When MSTR's stock price rises, the delta of the convertible bond increases because the bond's conversion rights become more valuable (closer to "in the money"). Then at this time, the portfolio is kept hedged by buying back some of the previously shorted MSTR shares to match the new delta value.
Dynamic hedging requires frequent adjustments when:
The underlying stock price fluctuates significantly: For example, significant changes in the price of Bitcoin cause MSTR stock prices to fluctuate violently.
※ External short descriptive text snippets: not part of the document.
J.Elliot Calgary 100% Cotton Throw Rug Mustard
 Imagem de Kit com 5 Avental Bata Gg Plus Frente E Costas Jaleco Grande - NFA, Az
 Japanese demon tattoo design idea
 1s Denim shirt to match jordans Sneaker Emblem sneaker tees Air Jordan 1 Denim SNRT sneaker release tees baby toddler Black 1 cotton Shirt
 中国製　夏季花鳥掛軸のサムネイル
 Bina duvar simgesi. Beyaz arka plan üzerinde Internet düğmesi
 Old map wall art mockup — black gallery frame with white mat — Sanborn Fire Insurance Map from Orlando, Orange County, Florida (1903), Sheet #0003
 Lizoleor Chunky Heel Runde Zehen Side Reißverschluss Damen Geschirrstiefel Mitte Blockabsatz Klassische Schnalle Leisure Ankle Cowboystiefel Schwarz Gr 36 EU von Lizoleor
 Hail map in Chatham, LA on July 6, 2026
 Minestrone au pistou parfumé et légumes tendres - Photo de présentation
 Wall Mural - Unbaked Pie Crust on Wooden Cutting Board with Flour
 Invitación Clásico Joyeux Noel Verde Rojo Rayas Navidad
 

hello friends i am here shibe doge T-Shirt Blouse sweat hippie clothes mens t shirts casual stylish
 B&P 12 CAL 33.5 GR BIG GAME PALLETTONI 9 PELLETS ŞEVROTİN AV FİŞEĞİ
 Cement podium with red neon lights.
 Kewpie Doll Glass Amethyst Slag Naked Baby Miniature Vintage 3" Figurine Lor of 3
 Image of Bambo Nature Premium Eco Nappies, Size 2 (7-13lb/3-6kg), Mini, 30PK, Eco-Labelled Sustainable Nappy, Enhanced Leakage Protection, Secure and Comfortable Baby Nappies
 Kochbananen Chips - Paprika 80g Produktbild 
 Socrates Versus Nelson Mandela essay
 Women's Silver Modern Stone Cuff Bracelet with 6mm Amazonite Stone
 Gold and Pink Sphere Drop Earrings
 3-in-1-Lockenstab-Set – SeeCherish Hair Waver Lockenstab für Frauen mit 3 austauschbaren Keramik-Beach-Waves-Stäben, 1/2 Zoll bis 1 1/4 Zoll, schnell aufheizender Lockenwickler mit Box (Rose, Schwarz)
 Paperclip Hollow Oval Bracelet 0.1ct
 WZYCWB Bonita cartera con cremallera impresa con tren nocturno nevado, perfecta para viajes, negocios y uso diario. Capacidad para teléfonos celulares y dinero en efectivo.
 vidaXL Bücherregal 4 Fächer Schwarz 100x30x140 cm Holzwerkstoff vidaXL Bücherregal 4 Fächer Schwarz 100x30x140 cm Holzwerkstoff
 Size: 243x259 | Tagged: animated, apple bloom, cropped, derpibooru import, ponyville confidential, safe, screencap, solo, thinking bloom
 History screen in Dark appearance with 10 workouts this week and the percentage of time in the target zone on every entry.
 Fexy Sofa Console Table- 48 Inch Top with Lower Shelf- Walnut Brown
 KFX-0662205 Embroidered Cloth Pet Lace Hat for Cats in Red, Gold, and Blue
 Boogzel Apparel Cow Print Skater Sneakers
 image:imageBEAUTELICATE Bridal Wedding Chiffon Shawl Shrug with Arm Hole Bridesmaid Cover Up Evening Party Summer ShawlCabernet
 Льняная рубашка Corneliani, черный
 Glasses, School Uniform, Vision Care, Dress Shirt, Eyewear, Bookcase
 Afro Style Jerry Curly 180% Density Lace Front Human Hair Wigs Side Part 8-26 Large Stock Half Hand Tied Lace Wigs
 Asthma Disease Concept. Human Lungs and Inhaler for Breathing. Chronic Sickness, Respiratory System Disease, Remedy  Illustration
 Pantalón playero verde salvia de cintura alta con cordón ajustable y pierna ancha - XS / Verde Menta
Changes in market conditions: such as volatility, interest rates or other external factors that affect the convertible bond pricing model.
Usually hedging funds trigger operations based on the change in Delta (such as every change of 0.01) to maintain accurate hedging of the portfolio.
Let's take a specific scenario for illustration, assuming that the initial position of a hedge fund is as follows
Buy $10 million worth of MSTR convertible bonds (Delta = 0.6).
Short $6 million worth of MSTR stock.
When the stock price rises from $100 to $110, the Delta value of the convertible bond becomes 0.65, and the stock position needs to be adjusted at this time. Calculate the number of stocks to be covered as (0.65−0.6)×10 million=500,000. The specific operation was to buy back $500,000 of stock.
When the stock price falls from $100 to $95, the new Delta value of the convertible bonds becomes 0.55, and the stock position needs to be adjusted. The calculation of the need to increase the short stock is (0.6−0.55)×10 million=500,000. Specifically The operation is to short $500,000 of stock
This means that when MSTR. When the price falls, the hedge fund behind its convertible bonds will short-sell more MSTR shares in order to dynamically hedge Delta, further hitting the MSTR stock price. This will have a negative impact on the positive premium, and thus affect the entire business model. Therefore, the risk on the bond side will be fed back in advance through the stock price. Of course, during the upward trend of MSTR, hedge funds buy more MSTR, so it is also a double-edged sword.